Make sure you have docker installed in your system.
- Open a terminal, go to the project directory and run -
docker-compose up -d
- To verify if the services are running or not, run
docker-compose ps
and you should see all the containers with state as Up.
(master) $ docker-compose ps
Name Command State Ports
-------------------------------------------------------------------------------------
cyclone_db_1 docker-entrypoint.sh postgres Up 5432/tcp
cyclone_redis_1 docker-entrypoint.sh redis ... Up 6379/tcp
cyclone_scheduler_1 celery -A service.server.c ... Up 7007/tcp
cyclone_server_1 /bin/ash run_server.sh Up 0.0.0.0:7007->7007/tcp
cyclone_worker_1 celery -A service.server.c ... Up 7007/tcp
There are three tables that store the information related to current cyclones -
Cyclones - stores information about the cyclones that are live
Table "public.cyclones"
Column | Type
---------------+----------------------------
id | character varying(255)
created_at | timestamp without time zone
external_id | character varying(255)
name | text
region | character varying(50)
external_link | text
forecast_tracks - stores the forecasted track of the cyclone
Table "public.forecast_tracks"
Column | Type
---------------+---------------------------
id | bigint
cyclone_id | character varying(255)
created_at | timestamp without time zone
forecast_at | timestamp without time zone
forecast_hour | numeric
latitude | numeric
longitude | numeric
intensity | numeric
track_historys | stores the history of how the cyclone is moving
Table "public.track_historys"
Column | Type
---------------+----------------------------
id | bigint
cyclone_id | character varying(255)
created_at | timestamp without time zone
synoptic_time | timestamp without time zone
latitude | numeric
longitude | numeric
intensity | numeric
There are five containers running -
- Main server (serves rest api to query about cyclone data) - Flask
- Worker (responsible for scraping data) - Flask, Celery
- Scheduler (that triggers the task to scrape data every hour) - Celery beat
- Redis (that serves as the broker for celery)

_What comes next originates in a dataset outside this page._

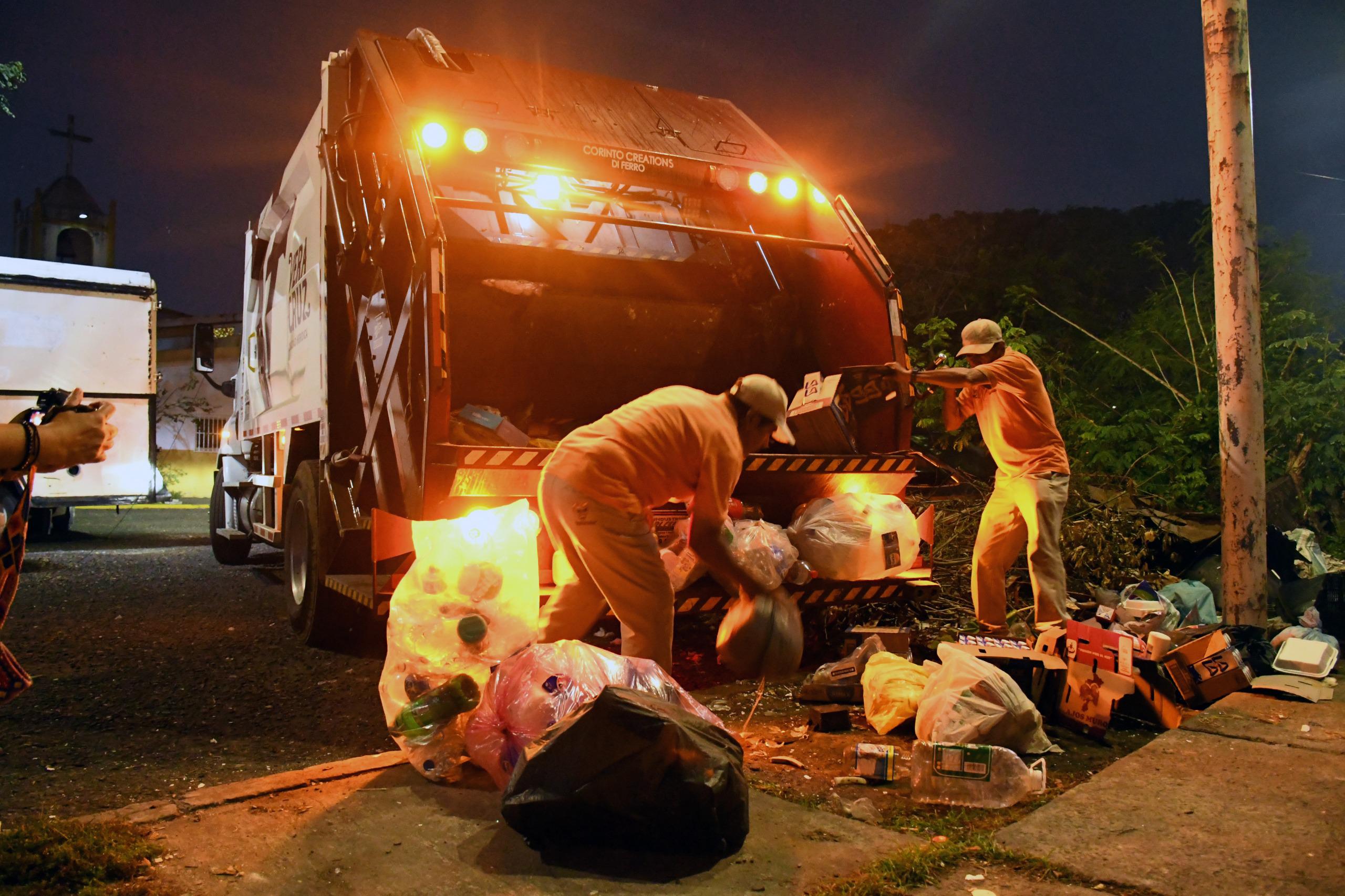 Aumentan rutas diarias de recolección de basura en la ciudad de Veracruz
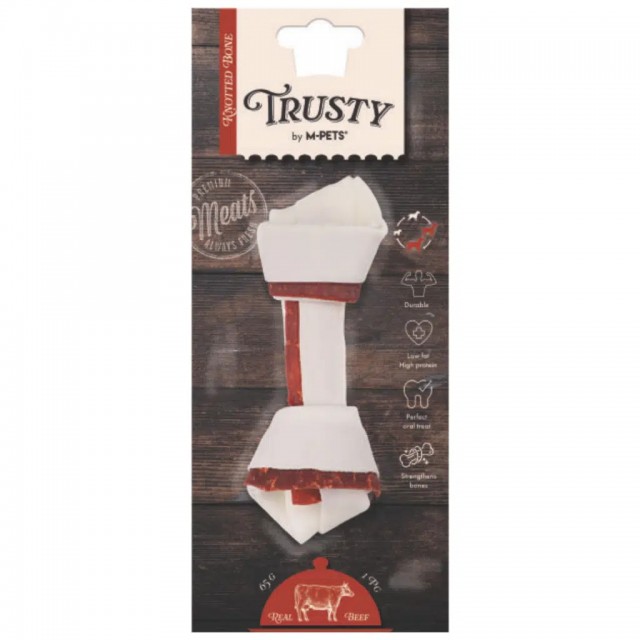 M-PETS Trusty Beef Düğümlü Kemik Köpek Ödülü 65 Gr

- Postgresql Db (the database that stores information about the cyclones)
Every hour the scheduler sends a task to the worker using the queue. The worker picks the task from the queue and executes it. The worker is responsible for getting the data by crawling over the link and saving in the database. The server serves endpoints to query about the cyclone information.
/cyclones: Method - GET
Response - List of cyclones saved in the db.
{
count: n,
data: [{cyclone_object}]
}
/cyclones/<cyclone_id/forecast_tracks: Method - GET
Response - List of forecast_tracks for a particular cyclone saved in the db.
{
count: n,
data: [{forecast_track_object}]
}
/cyclones/<cyclone_id/track_historys: Method - GET
Response - List of track_historys for a particular cyclone saved in the db.
{
count: n,
data: [{track_history_object}]
}
ASSUMPTIONS:
- Only scraping data for the live cyclones and not the old ones.
- Not saving any other information that is available in the form of images.